Fou ou riche ? - Marinoni, le fabricant de cycles bien connu, a choisi Indurain pour gagner le Tour. « Mais Berzin va lui donner de la grosse misère » prévoit Guiseppe. Rominger ? Il ne finira peut-être pas. Boardman ? Trop tôt. Mais un jour, oui. Il vient de la piste Boardman, comme Berzin. Ils savent rouler, ceux qui viennent de la piste. Donne-leur le temps d'apprendre à grimper. Grimper tu peux apprendre. Rouler, tu sais ou tu sais pas...

- Et Armstrong, Peppe ?
- J'y crois pas. C'est un gros cul.
C'est pourtant Armstrong que Gervais Rioux, de la boutique Argon rue St-Laurent, a choisi pour gagner le tour, dans notre petit pool à 20 $. De deux choses l'une. Ou Rioux, qui était le coureur le plus intelligent du peloton canadien il n'y a pas si longtemps, est devenu subitement fou. Ou, ce qui est plus probable, il est devenu si riche en vendant des vélos, qu'il jette les billets de 20 $ par les fenêtres.

Quant au jeune retraité Stephen Roche que je viens de croiser dans la salle de presse, ex-vainqueur du Tour, reconverti dans les fromages, son tiercé est le suivant : Berzin, Indurain, Jalabert.

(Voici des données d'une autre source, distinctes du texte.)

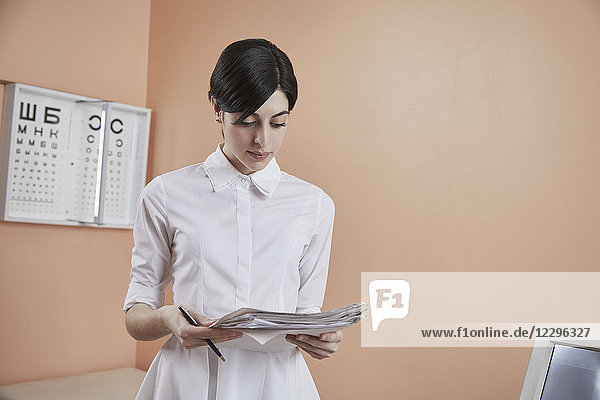 Krankenschwester beim Lesen von Papieren im Krankenhaus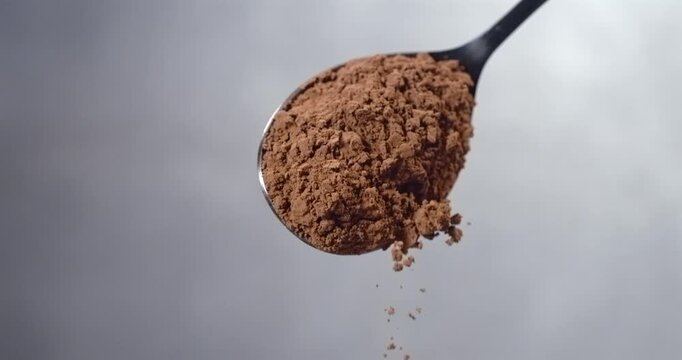 Cocoa powder falling from spoon chocolate dust cloud slow motion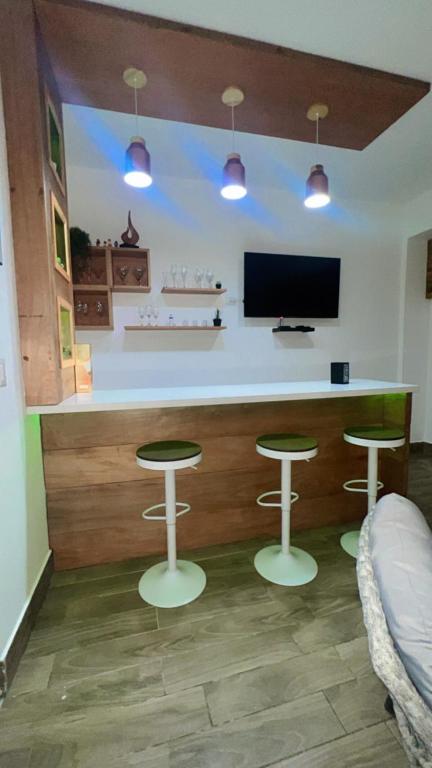 TV a/nebo společenská místnost v ubytování Caribbean Villa 32 Punta Cana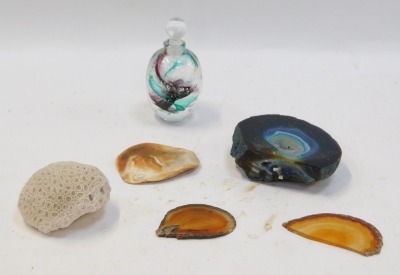 A group of crystals and glassware, comprising an ammonite shell, a blue geode, various agate slices, and a green and pink swirl art glass bottle and stopper. (6)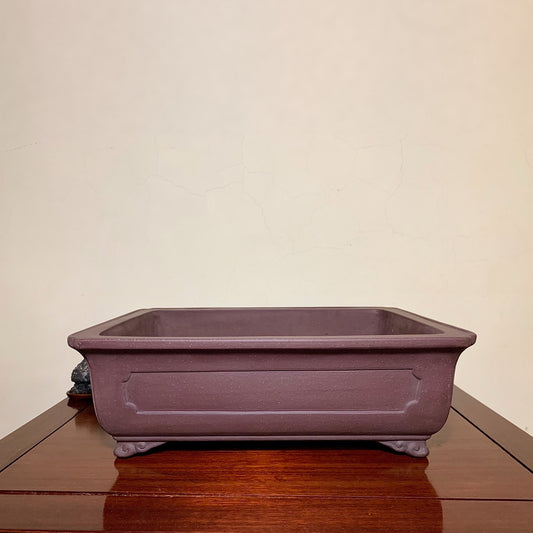 A matte purple rectangular pot with raised panel and four feet, unglazed surface.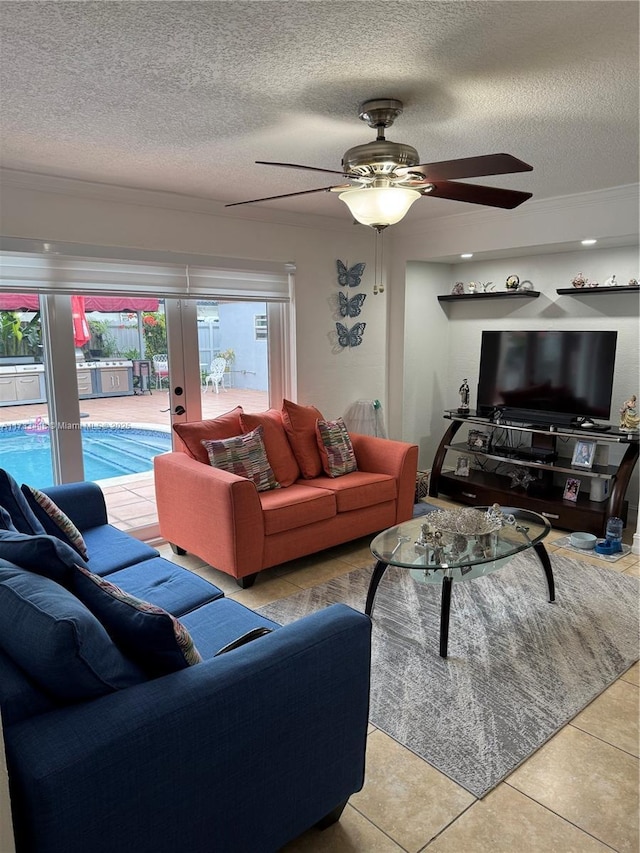 tiled living room featuring ceiling fan, a textured ceiling, and french doors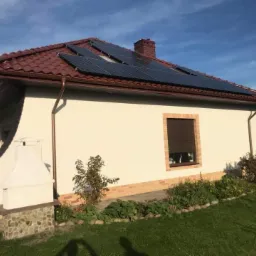 Instalacja paneli słonecznych na dachu domu jednorodzinnego z brązową dachówką i kremową elewacją, widok z poziomu ogrodu, w tle błękitne niebo.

Vous vous souvenez du mien : Berzin, Indurain, Jalabert. C'est bien pour dire...

Prime Time

Saint-Brieuc

Je ris comme un fou, excusez-moi.

Ce que je trouve drôle ? La pluie. Il pleut ! Il pleut ! C'est épouvantable ! Un de ces longs orages de bord de mer qui va recharger sa colère au large. Il fait noir comme en plein hiver. Des bourrasques à déraciner les arbres. Une trombe d'eau. J'arrive à l'instant du circuit, on dirait que j'arrive du Canada à la nage.

C'est la première fois qu'on court le prologue si tard. Les coureurs ne voulaient pas. « À cette heure-là je suis couché », bougonnait Indurain. Mais ils ont dû s'incliner devant la sacro-sainte télé. C'est la télé qui mène le Tour, comme elle mène les Olympiques, le tennis et le reste. Le « prime time », mon vieux. Depuis une semaine, on ne parle dans les journaux français que de ce prologue en « prime time ». On allait défoncer les cotes d'écoute des grands matches de soccer. Les commanditaires seraient contents.

Les chambres de commerce bretonnes, les associations d'épiciers, les marchands de crêpes et les montreurs de menhirs aussi étaient heureux. Ils avaient payé très cher pour avoir le Tour, mais la France entière allait voir la Bretagne en prime time. Et en plus il faisait beau depuis quatre jours. Les Français qui n'imaginent pas la Bretagne autrement que sous la pluie, allait découvrir la Floride du côté de Saint-Brieuc. En prime time.

300 000 Bretons se pressaient hier, vers la fin de l'après-midi, aux barrières du centre ville quand les premiers coureurs sont partis.

Deux heures plus tard, quand le Tour est entré en ondes, en prime time, donc, l'orage, les avait chassés. Ils étaient rentrés chez eux, se faire des crêpes, se turluter le biniou, je ne sais quoi, mais sont plus là.

Les coureurs sont tous seuls ou presque dans la ville, en prime time. En passant dans les flaques d'eau ils n'éclaboussent personne. C'est très triste. Mais je ris comme un fou.